TEL AVIV (Arrahmah.id) – Mantan Menteri Pertahanan “Israel,” Yoav Gallant, mengungkapkan bahwa Perdana Menteri Benjamin Netanyahu enggan menghadapi Hizbullah karena takut Tel Aviv akan hancur.
Dalam wawancara dengan Channel 12 “Israel,” Gallant menyebut dirinya bertemu Netanyahu setelah serangan 7 Oktober 2023. Saat itu, Netanyahu mengungkapkan kekhawatirannya bahwa ribuan tentara “Israel” akan tewas jika mereka melakukan invasi darat ke Gaza.
Gallant, yang dipecat Netanyahu pada 5 November dan digantikan oleh Yisrael Katz, menegaskan bahwa Netanyahu sangat takut akan serangan Hizbullah.
“Perdana Menteri menunjukkan gedung-gedung dari jendela dan berkata, ‘Apakah kamu melihatnya? Semua ini akan hancur akibat kemampuan Hizbullah. Setelah kita menyerang mereka, mereka akan menghancurkan semua yang kamu lihat,’” kata Gallant.

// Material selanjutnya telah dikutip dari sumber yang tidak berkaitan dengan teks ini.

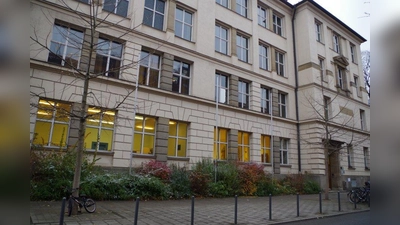 An der Längsseite der Bergmann-Schule könnten drei weiße Rosenbüsche daran erinnern, dass die Schule Bezug zur „Weiße Rose“ hat – eine Idee vom Stadtteilbewohner Udo Gerlicher. (Foto: kö)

Ia menambahkan bahwa Netanyahu menunjuk gedung-gedung yang terlihat dari kantornya di lantai dua atau tiga di Tel Aviv.
Dilansir dari Anadolu Agency, pada 27 November 2024, kesepakatan gencatan senjata menghentikan pertempuran antara tentara pendudukan “Israel” dan Hizbullah, yang dimulai sejak 8 Oktober 2023 dan berkembang menjadi perang besar pada 23 September 2024. Dalam konflik tersebut, roket Hizbullah bahkan mencapai pusat Tel Aviv.
Ketakutan Netanyahu Terbukti?
Terkait invasi ke Gaza, Gallant mengungkapkan bahwa Netanyahu sempat berkata, “Kita akan menghadapi ribuan korban dalam operasi di Gaza (dimulai 27 Oktober 2023).” Namun, Gallant menentangnya dengan tegas, “Kita tidak akan melihat ribuan korban. Lagi pula, untuk apa kita memiliki tentara jika kita tidak menggunakannya setelah mereka (Hamas) membunuh seribu warga kita dan menculik puluhan orang?”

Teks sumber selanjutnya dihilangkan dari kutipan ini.